It was hard to miss the headlines coming from yesterday’s  Medicare Trustees report:

Medicare to go broke three years earlier than expected, trustees say

Government Says Medicare won’t be able to cover costs by 2026

Report puts Medicare insolvency sooner than forecast

Let’s get right to the point: Medicare is not going “broke” and recipients are in no danger of losing their benefits in 2026.

Not broke, but not healthy

However, that does not mean Medicare is healthy. Largely because of the inexorable aging of the Baby Boomers, program costs continue to grow. And, as the Trustee’s report forthrightly acknowledges, long-term costs could well increase even faster than the official predictions. The main risks: scheduled limits on payments to doctors and other providers may never be implemented and unknown future medical technologies are likely to increase all health costs, including for Medicare.

This will inevitably mean that either premiums and/or taxes will rise; payments to doctors, hospitals, and other providers will grow more slowly; some benefits may be trimmed; or a combination of all three.
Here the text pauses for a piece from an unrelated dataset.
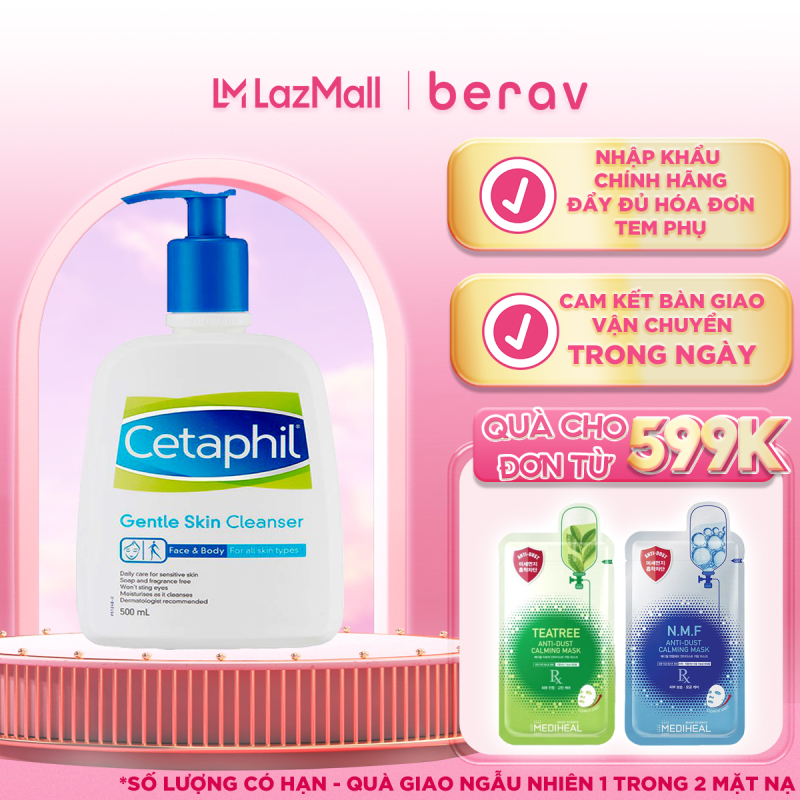 [CETAPHIL 500ml] SỮA RỬA MẶT làm sạch dịu nhẹ CETAPHIL Gentle Skin Cleanser 500ml nhập khẩu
So what is the Trustee’s report, and what does it really say?

Hospital insurance

The report is an annual exercise designed to review the health of the nation’s biggest health insurance program.  It looks in detail at each of Medicare’s pieces, including Part A inpatient hospital insurance; Part B coverage for outpatient hospital care, physician services, and the like; Part C Medicare Advantage plans; and Part D drug insurance.
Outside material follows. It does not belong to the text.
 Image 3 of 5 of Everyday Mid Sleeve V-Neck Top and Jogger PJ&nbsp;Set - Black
Those “going broke” headlines are all about Part A Hospital insurance (HI), which accounted for about 40 percent of the program’s $710 billion in spending in 2017. HI mostly is funded by the Medicare tax that is withheld from worker paychecks and paid by the self-employed.  And that tax—as well as other smaller sources of revenue– is not sufficient to pay the bills. It hasn’t been for years.

Because it anticipated the aging Boomers, Medicare built up a trust fund while its costs were relatively low. But that reserve is rapidly being drained, and, in 2026, will be out the money. That is the source of all those “going broke” headlines.

What will Congress do?

It doesn’t mean Medicare will stop paying hospital insurance benefits in eight years. We don’t know what Congress will do—though the answer is probably nothing until the last minute. Lawmakers could raise the payroll tax. But my bet is they’ll use general revenue to support the HI program, which is another way to say they’ll borrow the money and further raise the national debt.

Medicare Parts B and D are funded very differently, and are at no risk of “going broke.”  Unlike Part A, there is no dedicated tax for these programs. Rather, they are funded through a combination of enrollee premiums (which support only about one-quarter of their costs) and general revenues—another way of saying the government borrows most of the money it needs to pay for Medicare.

The coming political debate

As more Boomers age and health care prices increase, Medicare costs will continue to rise. Under the current system, that means premiums will continue to increase and so will government borrowing. The big political debate in coming years will be over how to divvy up those future costs. Will more of the burden fall on beneficiaries or will it fall on taxpayers at large who, eventually, will have to pay off the burgeoning government debt.

Because Medicare costs (like all health care costs) are rising faster than the overall economy is growing, the program will eat up more of the nation’s total economic output. And here is where the news really is scary.

Today, Medicare expenses are approaching about 4 percent of Gross Domestic Product. Under current law, the Trustees project it will increase to about 6 percent in two decades, then level off.

Unlikely assumptions

But that forecast is built on several key assumptions that are unlikely to occur. In the 2010 Affordable Care Act, Congress adopted a package of cost-cutting measures. In 2015, in a law called the Medicare Access and CHIP Reauthorization Act (MACRA), it began to change the way Medicare pays physicians, shifting from a system that pays by volume to one that is intended to pay for quality. As part of the transition, MACRA increased payments to doctors until 2025.

But what if key ACA cost-cutting measures never take effect, the transition to the new physician payment system is delayed, and the temporary doctor payments continue indefinitely? In that case, the trustees forecast Medicare costs will not flatten out in the mid-2030s, and instead keep rising—to 8 percent of GDP by 2070 and 9 percent of the entire economy by 2090.

That’s a long way away, you may say, and a lot can happen in the next 75 years. That’s true, but remember that whenever new medical technologies are adopted, overall health care costs tend to rise. So we face what the economists like to call an asymmetric risk: It is possible that future Medicare costs will grow more slowly than predicted, but it is more likely that they’ll be significantly higher than the trustees forecast.

The question is: What are we going to do about it?